Health Minister Matt Hancock raised the possibility that there will be “local closings” in the future to control the spread of the virus.
The new testing and tracking system begins
Over 31,000 people were identified as close contacts with coronaviruses during the first week of England’s testing and tracking system.
Of these, 85% were reached by the test and tracking teams and were asked to self-isolate for 14 days.
However, those contacts collected 31,000 from only two-thirds of the 8,000 people who were diagnosed with coronavirus.
No contacts were identified from the other 2710 people whose tests were positive, either because their contact details were incorrect or they decided not to provide information about those who spent time with them.
Hospitals with fewer coronavirus patients
The number of people in hospital with Covid-19 gradually decreased since the peak over Easter.
The government said on Thursday that the number of people in the hospital with coronavirus had decreased to 5,911 – down from 7,309 at the same time last week.
However, the picture is different across UK countries and regions, with numbers dropping faster in some areas than in other regions.
The test is now available to more people
The British government said the UK had exceeded its goal of increasing test capacity to 200,000 per day by the end of May.

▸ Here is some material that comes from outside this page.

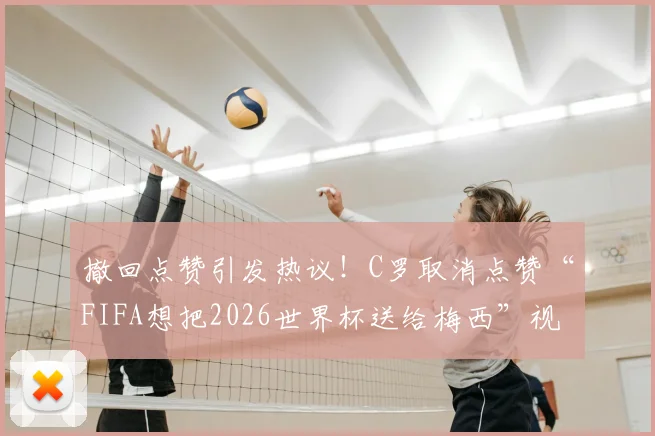 撤回点赞引发热议！C罗取消点赞“FIFA想把2026世界杯送给梅西”视频事件全解析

However, the British Statistical Office criticized how the data was presented, saying that the target appears to show “as many tests as possible, even at the cost of comprehension.”
Health Minister Matt Hancock says he is looking at ways to “improve” the information.
The government announced that 197007 tests had been processed or published within the 24 hours until 09:00 on Thursday. This number does not represent the number of people tested, which was always a smaller number when this data was available.
At least two million people have been tested for coronavirus – but the government has been unable to provide an updated number of people for some time.